Ungrafting
March 1–July 27, 2024
30 West Dale St.
Colorado Springs, CO 80903
United States
T +1 719 634 5581
fac@coloradocollege.edu
The Colorado Springs Fine Arts Center at Colorado College is pleased to announce our upcoming exhibition Hương Ngô: Ungrafting, opening in the museum’s El Pomar Galleries on March 1, 2024. The exhibition, featuring the art of Hương Ngô, examines how our natural world can serve as an archive of colonial history
Time is crucial to Hương Ngô, who investigates the resonances of colonial histories in the present day. She explores various aspects of Vietnamese resistance to French colonialism through archival research and activates the historical record via imagery, language, and material matter. “The fate of our planet and biodiversity is on everyone’s minds, but how can we understand our future without examining the beliefs and actions that have transformed our world?” said Hương Ngô.
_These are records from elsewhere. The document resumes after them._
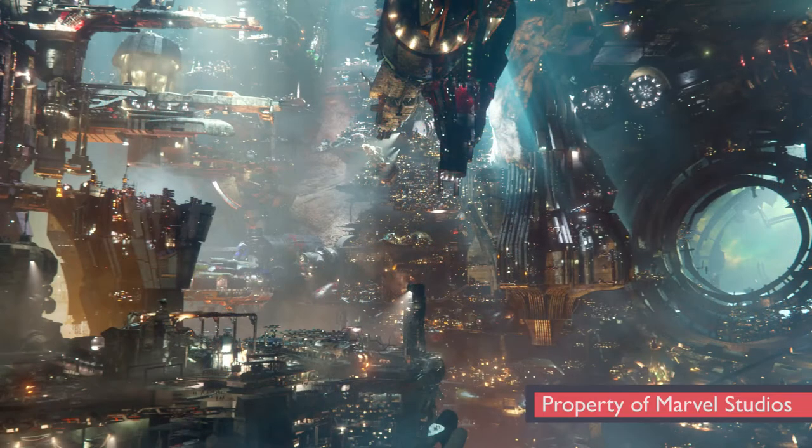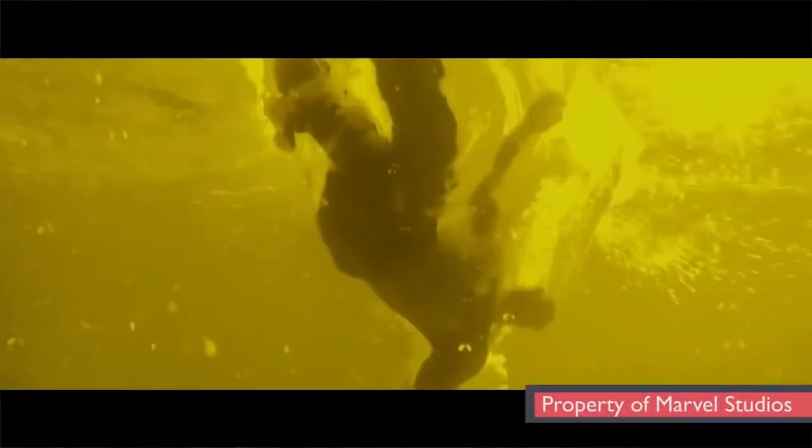We had almost 400 artists working on the show here at Framestore, and that comprised probably 14 different divisions — from texture painters to concept artists to modelers, people who are doing simulation work to recreate physical real-world things like fire and water.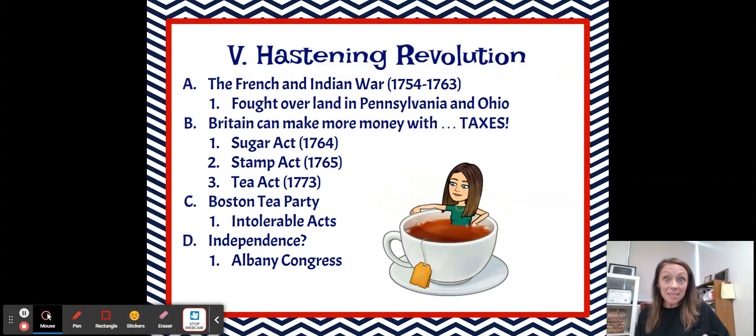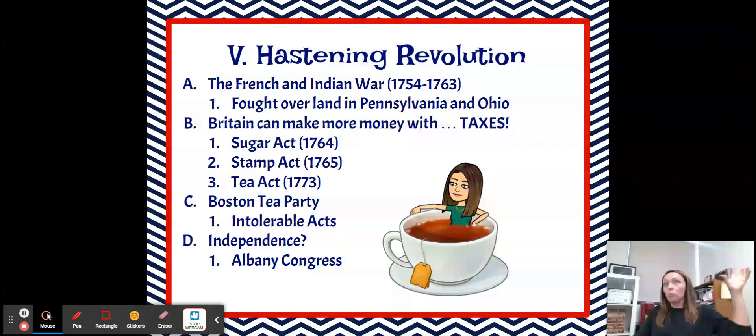This leads to the Boston Tea Party, where our founding fathers dressed up as Mohawk Indians, boarded the ships, and dumped lots and lots of tea overboard into Boston Harbor. Because of those actions, we see the creation of the Intolerable Acts, which, according to the colonists, were intolerable — they weren't going to stand for it. These were acts that really clamped down on any freedom that the colonists had.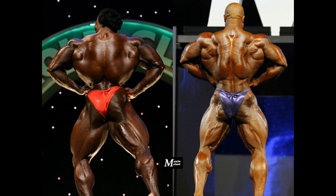The rear lat spread shows Phil's superior back conditioning. His back looks better ripped and defined than Kai's back, which might be wide but definitely not as ripped. Phil also has the superior traps which form the letter X and extend from his neck towards his lower back. They both have shredded glutes and hamstrings, but Phil would win the back poses.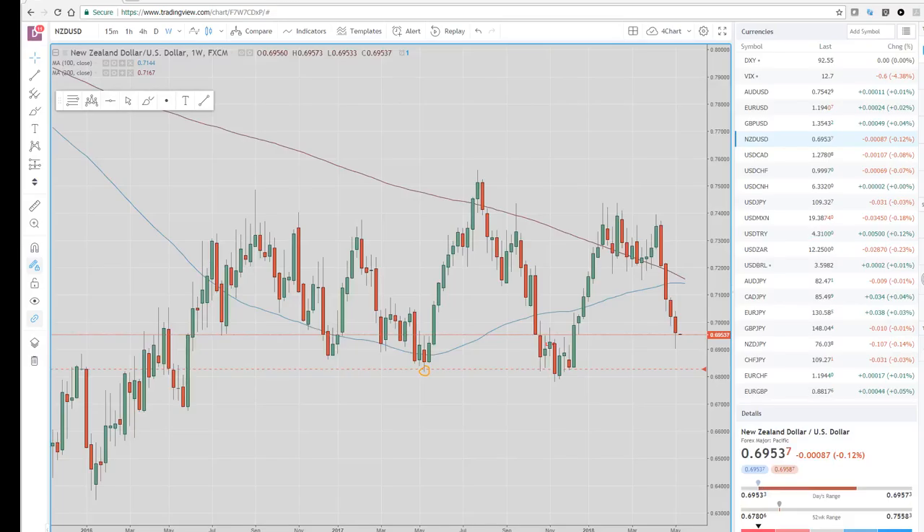Good morning, traders. Welcome to the weekly outlook from your friends at PrivateerFX. Let's take a couple of weekly charts just to do a review, see what happened last week — a fairly quiet week.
Ngô’s first solo exhibition in Colorado displays early 20th-century photographs of foreign trees and tree grafts planted in Indochina by the French. The artist uses grafting as a metaphor for colonialism’s physical violence. Ngô reproduces the archival photographs using the Van Dyke method, altering the fixing process to make the images gradually deteriorate and darken.
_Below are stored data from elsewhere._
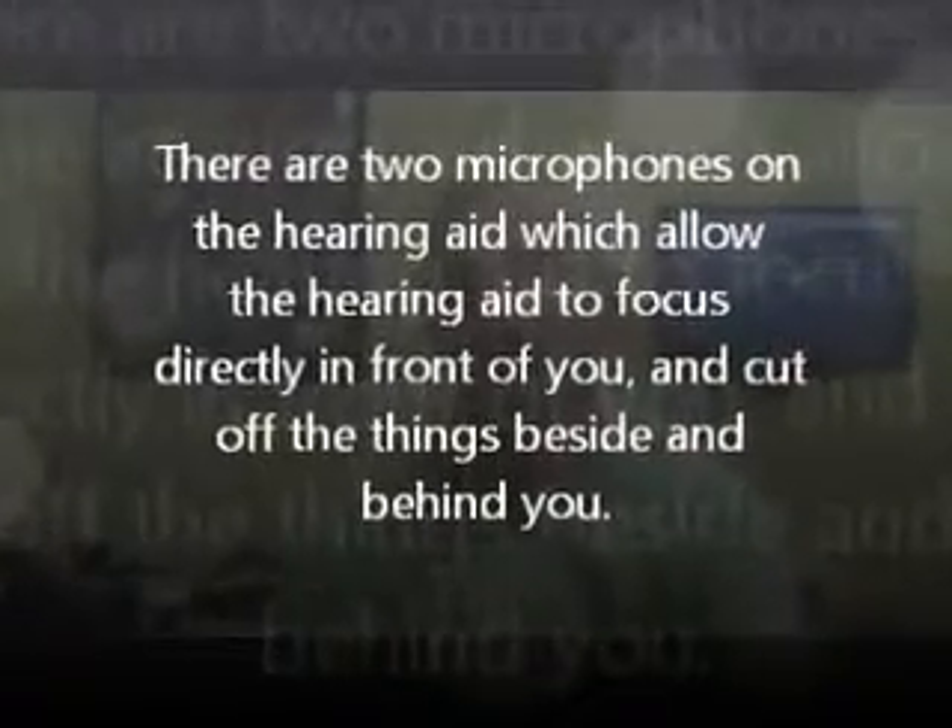First, directional microphones. What is a directional microphone? Directional microphones are the best improvement we've had in hearing aids in the last 15 years in order to help people hear in background noise. Oftentimes people say, I hear the background noise but I can't hear the person talking in front of me. With omnidirectional mode, the microphone amplifies behind, beside, and in front equally. Directional microphones use two microphones on the hearing aid, allowing the hearing aid to focus directly in front of you and cut off things beside and behind you. There is clinical proof that directional microphones help people understand better in background noise — that is the biggest improvement we've had for hearing in noise. Not everybody needs it, but it is one advantage to hearing aids.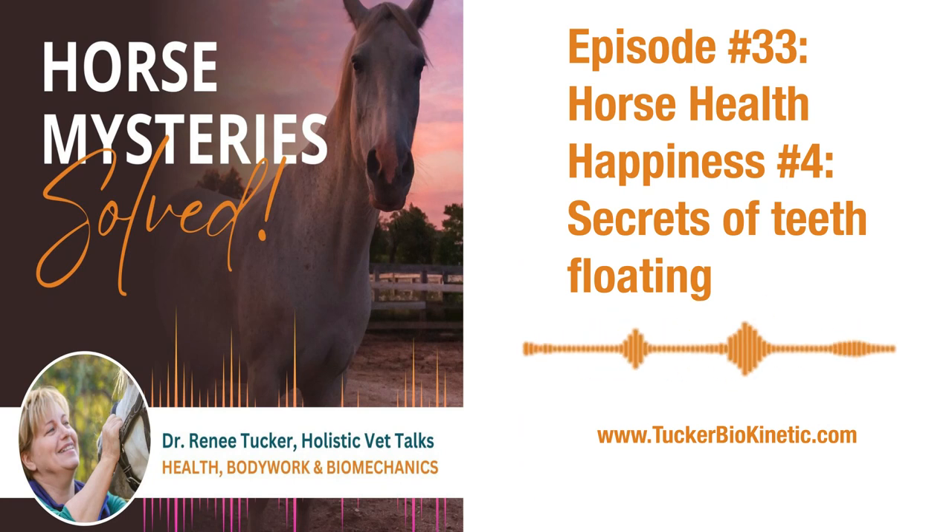Hello friends, Dr. Renee Tucker here, back at you with Horse Health Happiness. Secret number four — well, it's not really a secret, but I'm calling this the secrets of teeth floating. Let me just jump right into it. First, I want to go over the basics that you probably know: horses do not chew their food, they grind their food — totally different. In fact, their teeth are built so differently; the best description I can come up with is they look like a cheese grater.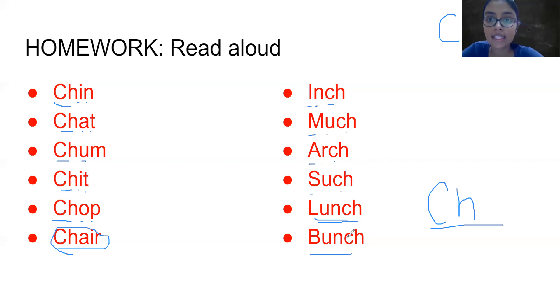All right. So these are the words. Write them in your notebook. Make a video of you reading the words and send it back to Diti before 4 p.m. Bye-bye.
Ngô’s work includes photographs of altered plant reproductions and hanging fabric works with visible sutures treated with iron, copper, and soil from Colorado, and other materials found in the US Southwest, creating a connection between two distinct geographies. The tears in the works are a reminder of the violence of land control, but the mends represent resistance and repair.
“Hương Ngô reveals that plants hold histories and tell stories. Her installation at the Fine Art Center engages the legacy of tree grafting to make a connection between colonization and ecology,” said Curator of Contemporary Art Katja Rivera. “Visitors will experience Ngô’s thoughtful attention to material, which she uses to explore how the past continues to make and remake the present.”
To elaborate on the concept, the artist plans to showcase a range of works and cultural heritage pieces from our Fine Arts Center’s permanent collection. These items will further highlight the history of the region and its cultural intersections. Together, the exhibited works aim to convey the idea of “ungrafting”, which is a poetic decolonial approach that intertwines networks of care over time.
Hương Ngô: Ungrafting is curated by Katja Rivera, Curator of Contemporary Art, in collaboration with the artist. Support for the exhibition is generously provided by The Anschutz Foundation and Colorado Creative Industries.
About the Fine Arts Center Museum
The FAC Museum’s permanent collection of approximately 17,000 objects showcases the rich history and vibrant contemporary cultures of the Southwest and the Americas, containing works of art from Native America, Hispanic and Spanish Colonial New Mexico, and 20th and 21st-century America.
Colorado Springs Fine Arts Center at Colorado College
The story of the Colorado Springs Fine Arts Center at Colorado College (FAC) began with the founding of the Broadmoor Art Academy in 1919. A museum, performing arts theatre, and community art school, the FAC is a pillar in the cultural community of the Rocky Mountain West providing innovative, educational, and multi-disciplinary arts experiences designed to elevate the individual spirit and inspire community vitality.